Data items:

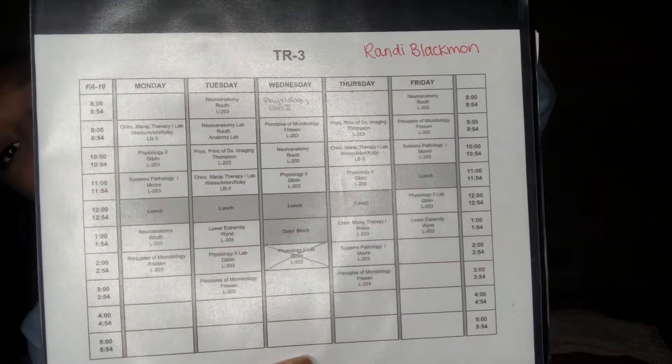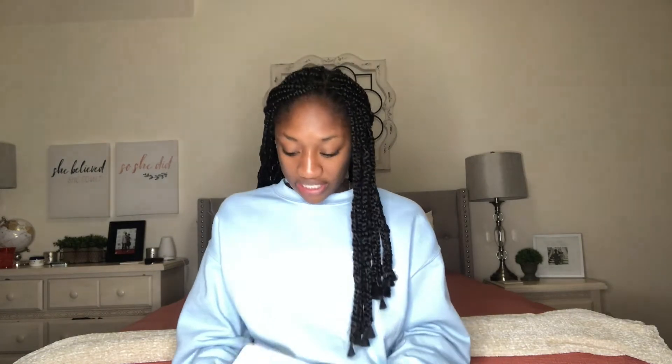This was my tri three binder and our schedule. I honestly loved keeping all my notes in one binder because I could study for one class and then just have my notes already out for the next class. It just made everything easier — I just had to take my binder out and I was ready to go for the day.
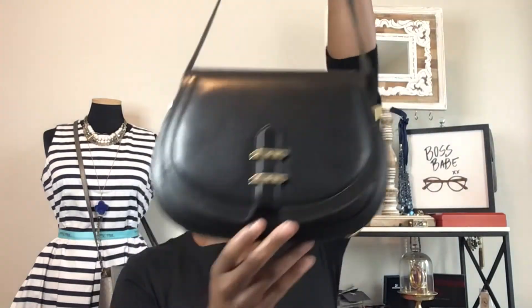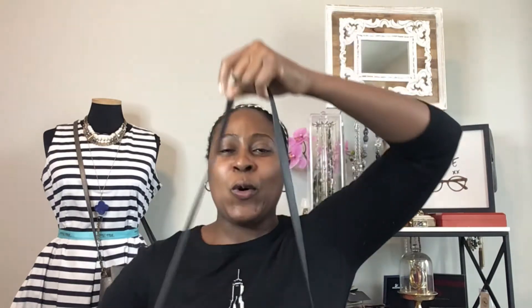I have some eye candy for you that we'll use as our example today — this is a vintage Gucci saddle bag shoulder bag. If you're interested in this bag, it is on my website and I'll link it in the description below so you can see more product photos as well as pricing.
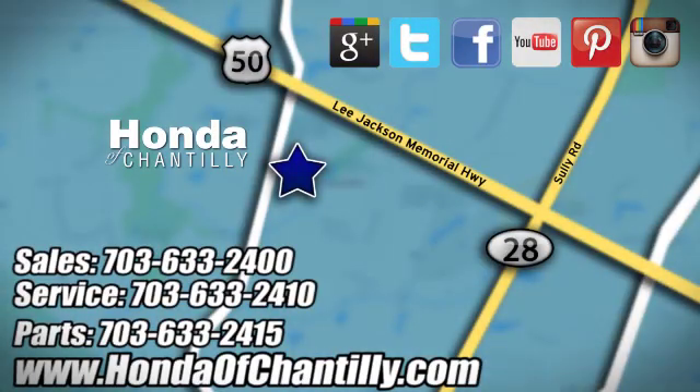Honda of Chantilly. We're conveniently located just south of Dulles Airport at 4175 Stonecroft Boulevard in Chantilly.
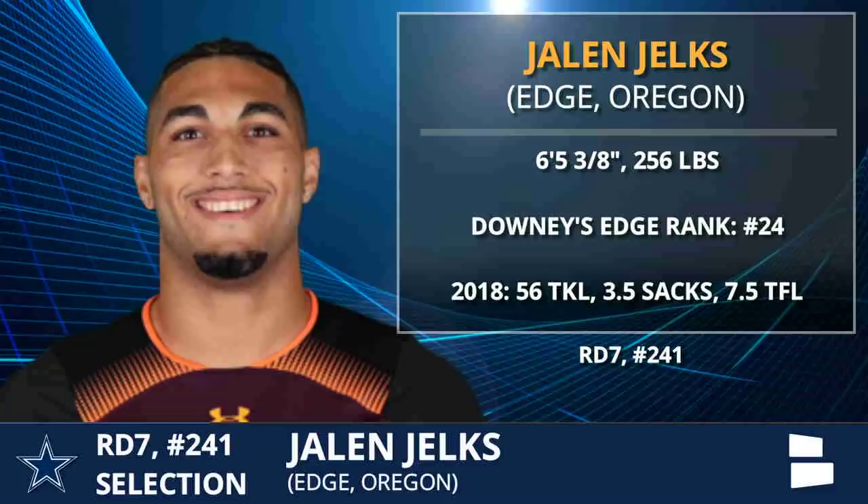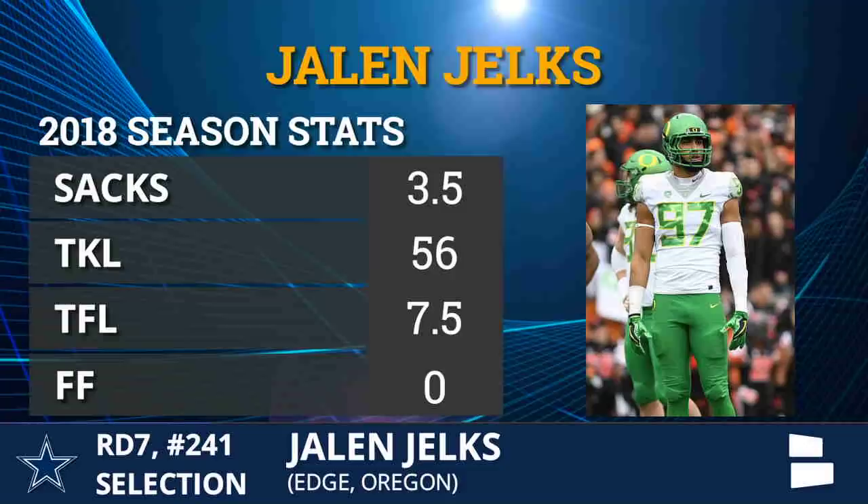He was not as good this year as he was in 2017 — 15.5 tackles for loss and 7 sacks, down to 7.5 TFLs and only 3.5 sacks. But he did have a lot of pressures, only dropped by 3 in that production. Didn't test well.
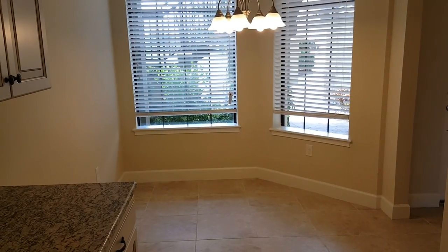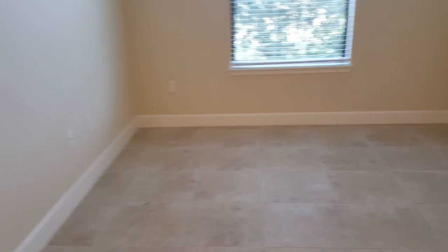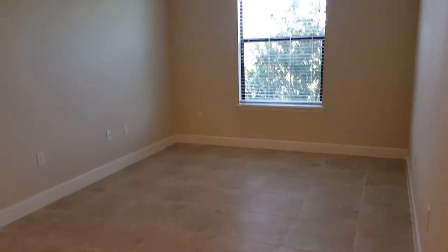You've got a nice breakfast nook area right there, and a pantry over here. This room could be an office, a den, a third bedroom, or you can make it a formal dining room — you've got a lot of different options with that room. There's a pocket door that closes it off.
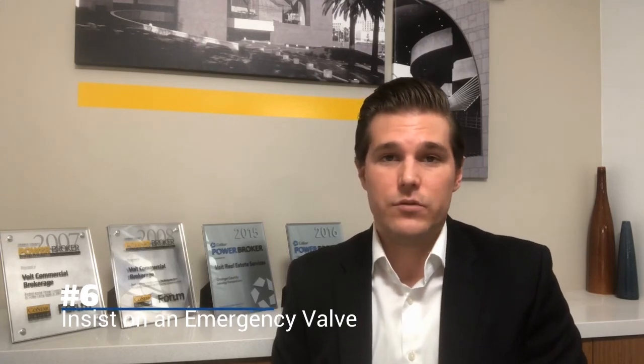Number six: insist on an emergency valve. You may be wildly successful and quickly outgrow the space, or alternatively you may have a hard time making rent every month. Either way, you need to be able to get out of that space as quickly as possible. Some options include subleasing or assignment rights, even termination rights. These can become very intricate, so I strongly suggest you consult with your broker and/or attorney before making any final decisions.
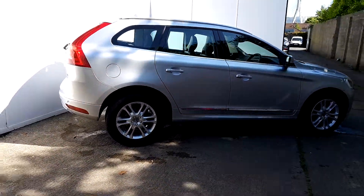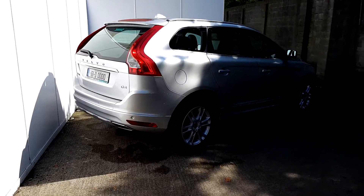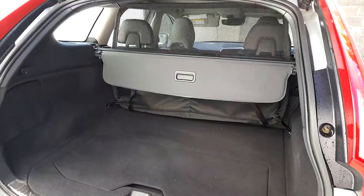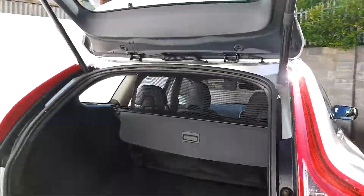Each Windsor Certified vehicle undergoes a rigorous 149-point car health check and receives a full service at the same time, which means you get a vehicle in tip-top shape.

Required work -> Apart from the pictures, repeat the data above exactly.

Task result ->
This was my tri three binder and our schedule. I honestly loved keeping all my notes in one binder because I could study for one class and then just have my notes already out for the next class. It just made everything easier — I just had to take my binder out and I was ready to go for the day.
I have some eye candy for you that we'll use as our example today — this is a vintage Gucci saddle bag shoulder bag. If you're interested in this bag, it is on my website and I'll link it in the description below so you can see more product photos as well as pricing.
Honda of Chantilly. We're conveniently located just south of Dulles Airport at 4175 Stonecroft Boulevard in Chantilly.
He was not as good this year as he was in 2017 — 15.5 tackles for loss and 7 sacks, down to 7.5 TFLs and only 3.5 sacks. But he did have a lot of pressures, only dropped by 3 in that production. Didn't test well.
You've got a nice breakfast nook area right there, and a pantry over here. This room could be an office, a den, a third bedroom, or you can make it a formal dining room — you've got a lot of different options with that room. There's a pocket door that closes it off.
Number six: insist on an emergency valve. You may be wildly successful and quickly outgrow the space, or alternatively you may have a hard time making rent every month. Either way, you need to be able to get out of that space as quickly as possible. Some options include subleasing or assignment rights, even termination rights. These can become very intricate, so I strongly suggest you consult with your broker and/or attorney before making any final decisions.
Each Windsor Certified vehicle undergoes a rigorous 149-point car health check and receives a full service at the same time, which means you get a vehicle in tip-top shape.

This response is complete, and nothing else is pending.